The last five books I've read
Rachel Hills is the author of The Sex Myth: The Gap Between Our Fantasies and Reality. Here she tells us the last five books she read.
Only Ever Yours by Louise O’Neill
Louise and I have followed each other on Twitter for about a year, and after seeing the fantastic reviews her book was getting in her native Ireland, I couldn’t wait to get my hands on it once it was published internationally. Only Ever Yours weighs in at more than 400 pages, but I devoured it in a day. It’s a science fiction dystopia in the mould of Margaret Atwood’s The Handmaid’s Tale, set in a post-climate change world where women have stopped being conceived naturally, and are genetically engineered and raised to be Companions, Concubines, and Chastities instead. But what’s most remarkable about it isn’t that it shows what our world could become, but how it illuminates the way the world already is.
Freedom Fallacy: The Limits of Liberal Feminism edited by Miranda Kiraly and Meagan Tyler
I read about this book on The Conversation a couple of months ago and was immediately intrigued.

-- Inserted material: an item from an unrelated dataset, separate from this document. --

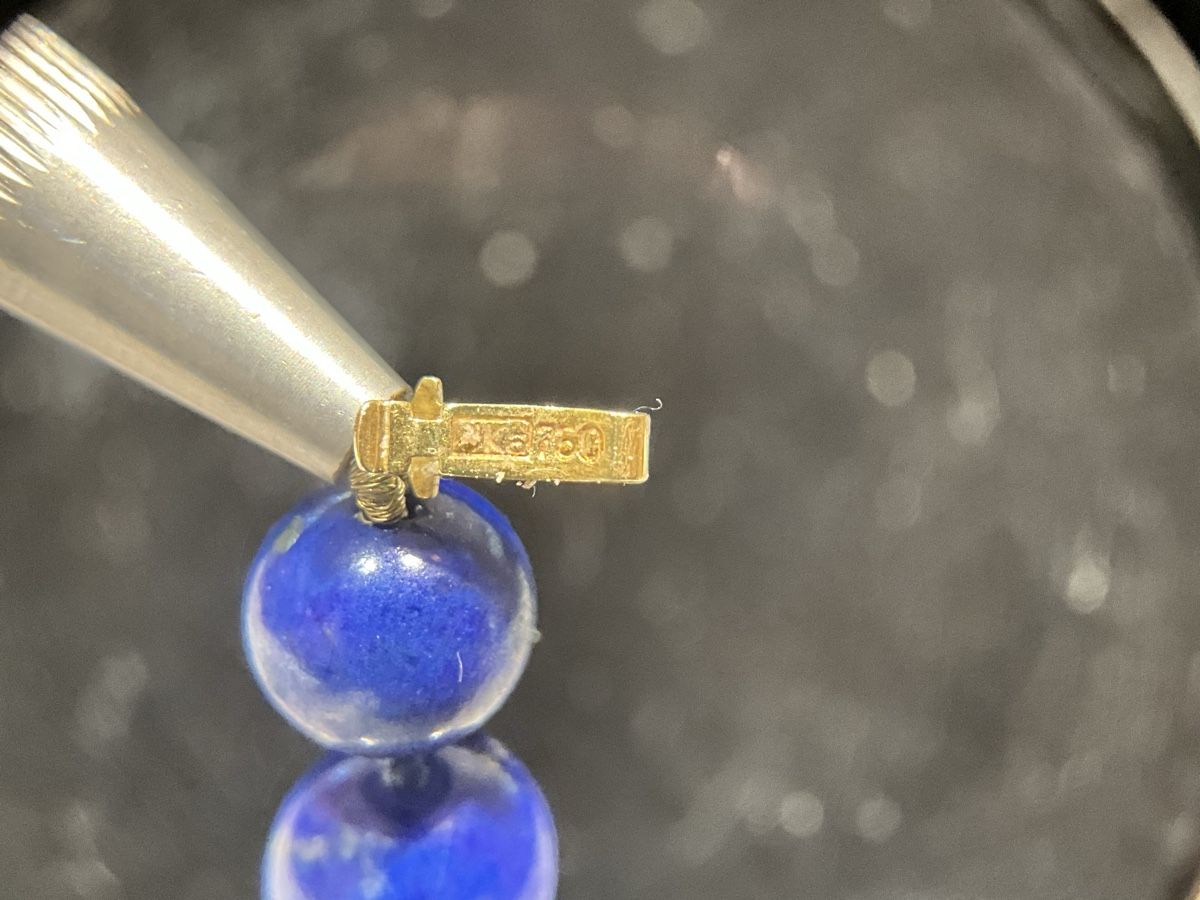 Catenine: Lapislazuli Kette mit 18k Verschluss – Usato da Schaffhausen venduto da glamour-shop 4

A collection of essays from radical feminists across least three continents, it looks at how popular feminism has been drained of its political ‘bite’, to be more a label or a fashion statement than a coherent philosophy. It also critiques contemporary feminist assumptions: in the particular, the notion that any choice a woman makes is ‘feminist’, so long as she is the person making it. I’m still making my way through it, and while I don’t agree with everything in the book – my copy is marked up with its share of ????s and really??s – I appreciate the complex and challenging politics it presents.
God Help The Child by Toni Morrison
Morrison’s new novella, about an LA woman named ‘Bride’ whose dark skin sees her neglected by her mother as a child and embraced by the fashion industry as an adult, contains some beautiful turns of phrase and astute observations about race and colourism.
Spinster: Making a Life of One’s Own by Kate Bolick
I took a little longer to pick this book up than I thought I would. While I’m fascinated by the changing status of single women, I’d heard that Spinster was more of a literary history focused on the women writers who inspired Bolick (most of whom weren’t actually spinsters), and I wasn’t sure if it was a book for me. I’m so glad I bought it though, because it is a beautiful, beautiful book; less about singledom per se (hence some of the crotchety reviews) than about what it means to carve out a life on your own terms, independent of the expectations that have been set out for you. I found myself identifying strongly with Bolick’s search for a Big Life, inspired by her historical ‘awakeners’, and just a little envious of her remarkable skill as a writer.
Hot Little Hands by Abigail Ulman
Ulman and I share a publisher, so I was fortunate to receive a copy of Hot Little Hands before it hit bookstores. A collection of short stories about young women on the brink of adulthood, I found it emotionally rich and stark and devastating all at the same time. ‘Warm-Ups,’ about a group of teenage Russian gymnasts who travel to the United States for a competition, left me needing to lay on the couch for a good half hour to recover.